Barbarians, written by Barrie Keeffe in 1977, is a trilogy of plays charting the lives of three young Lewisham lads.
Paul (Thomas Coombes) is a shaven-headed chancer with anger issues. Jan (Jamie Crew) is marginally more optimistic and wants to make his life better but doesn’t quite seem to have the required get-up-and-go. Louis (Tyler Fayose) is intelligent and willing to apply himself, but still struggling to find a break.
The first play, Killing Time, revolves around the lads’ attempt to steal a car for Paul’s cousin. It is the lightest in tone of the three plays with some genuinely funny lines, and sets the foundations well for each of the lads’ characters.
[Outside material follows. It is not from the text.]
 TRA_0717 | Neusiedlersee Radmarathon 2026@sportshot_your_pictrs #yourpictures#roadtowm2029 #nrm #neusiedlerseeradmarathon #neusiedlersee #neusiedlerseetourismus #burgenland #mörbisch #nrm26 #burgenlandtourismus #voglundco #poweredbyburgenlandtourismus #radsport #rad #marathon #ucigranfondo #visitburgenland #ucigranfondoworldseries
The second play, Abide With Me, sees the lads attempting to get in to Wembley to watch the 1976 FA Cup Final between Manchester United and Southampton. Jan’s Uncle Harold has promised them tickets, but fails to deliver. The lads’ relationships begin to crack; Paul becomes increasingly angry and unstable, Jan realises there might be an alternative to just following Man U around the country and Louis decides that certain friendships might not fit into his life plan.
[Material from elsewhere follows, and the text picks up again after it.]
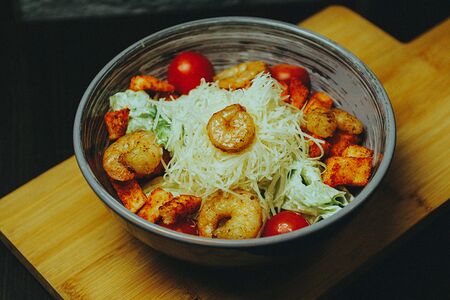 Салат Цезарь с креветкой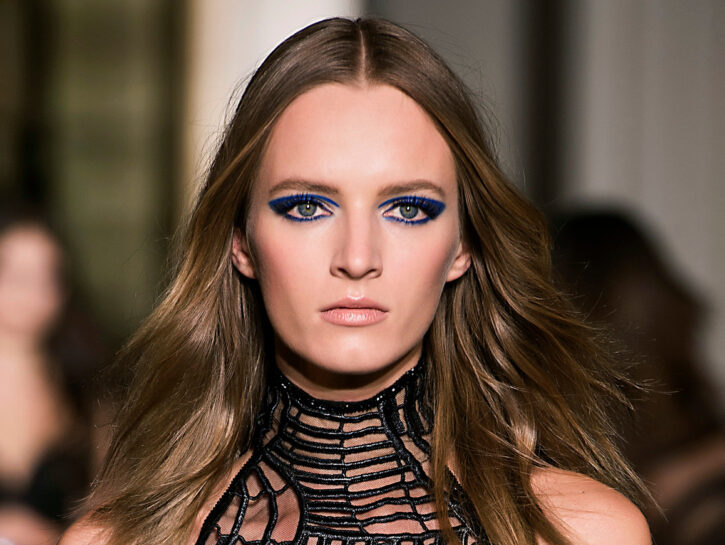 Il trucco ottanio è la tendenza make-up dell'estate 2025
The third play, In the City, is set during the Notting Hill Carnival the following year and sees the lads reunited. Louis has finally put his year of refrigeration training to good use, Jan is on the eve of an army tour to Northern Ireland… and Paul has arranged for them to meet two "spade bints" (black girls) to give him a good send-off. The reunion rapidly deteriorates into a quite brutally violent scene with serious consequences.
The three young actors are very strong, grasping the dialogue by the throat and creating rounded characters. The energy shown by Coombes as Paul is exceptional, in particular. The costumes, whilst perhaps a little clichéd, evoke the 70s well, and the play makes excellent use of the performance space (a prefab-type building which formerly housed a Youth Enterprise Scheme), including some highly imaginative scene-change techniques.
This first London staging of Barbarians since the early 1990s comes at a time that has many parallels with the late 70s, including rising unemployment and disengaged youth. That alone would be a reason to give it a visit, but the strong script and very talented young cast make it well worth the trip south on the Northern Line.